> [Exercise goal] Pictures appear among the records below and must be omitted. Repeat exactly the lines from the line with "11 Walter Raleigh" to the line with "Medalla del trabajo.", both included.

> [Supplied material]
Start of Block
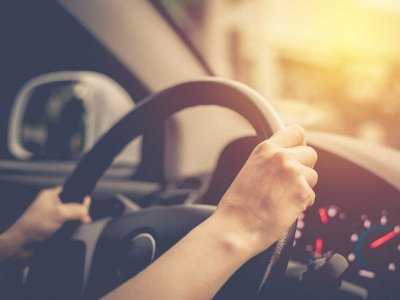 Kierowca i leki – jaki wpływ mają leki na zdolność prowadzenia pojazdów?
End of Block
Start of Block
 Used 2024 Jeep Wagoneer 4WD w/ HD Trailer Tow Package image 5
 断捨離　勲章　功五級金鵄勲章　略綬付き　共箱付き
End of Block
Start of Block
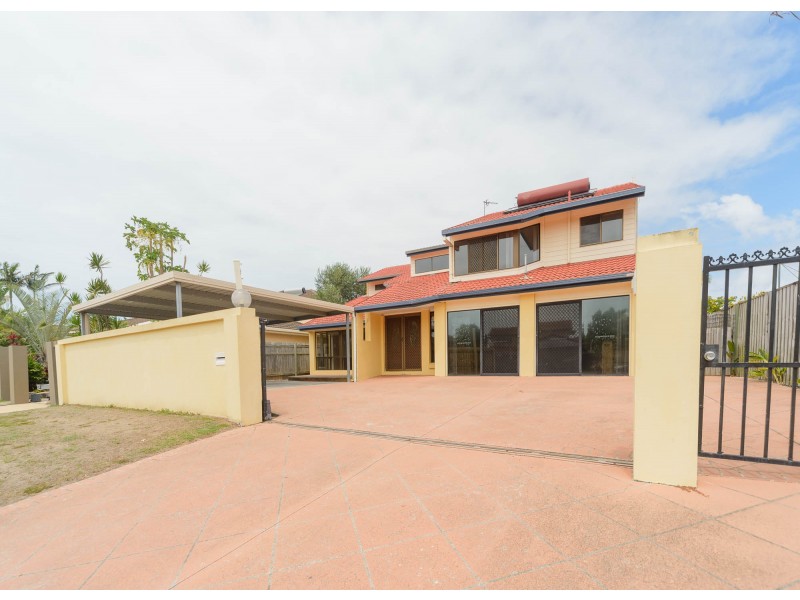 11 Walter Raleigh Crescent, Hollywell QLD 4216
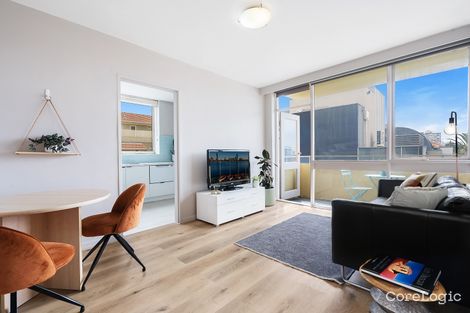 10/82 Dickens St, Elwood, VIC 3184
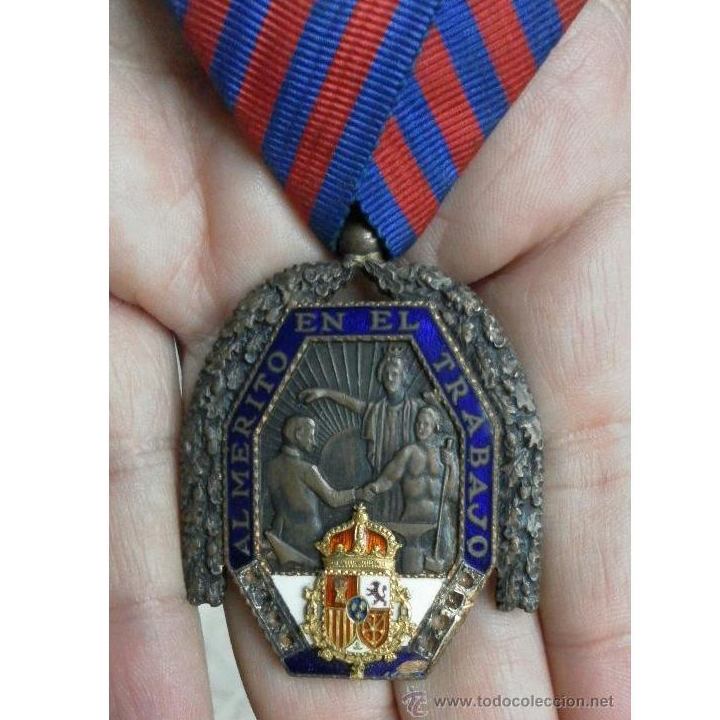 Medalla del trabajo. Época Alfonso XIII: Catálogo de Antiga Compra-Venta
End of Block
> [Task response]
 11 Walter Raleigh Crescent, Hollywell QLD 4216
 10/82 Dickens St, Elwood, VIC 3184
 Medalla del trabajo. Época Alfonso XIII: Catálogo de Antiga Compra-Venta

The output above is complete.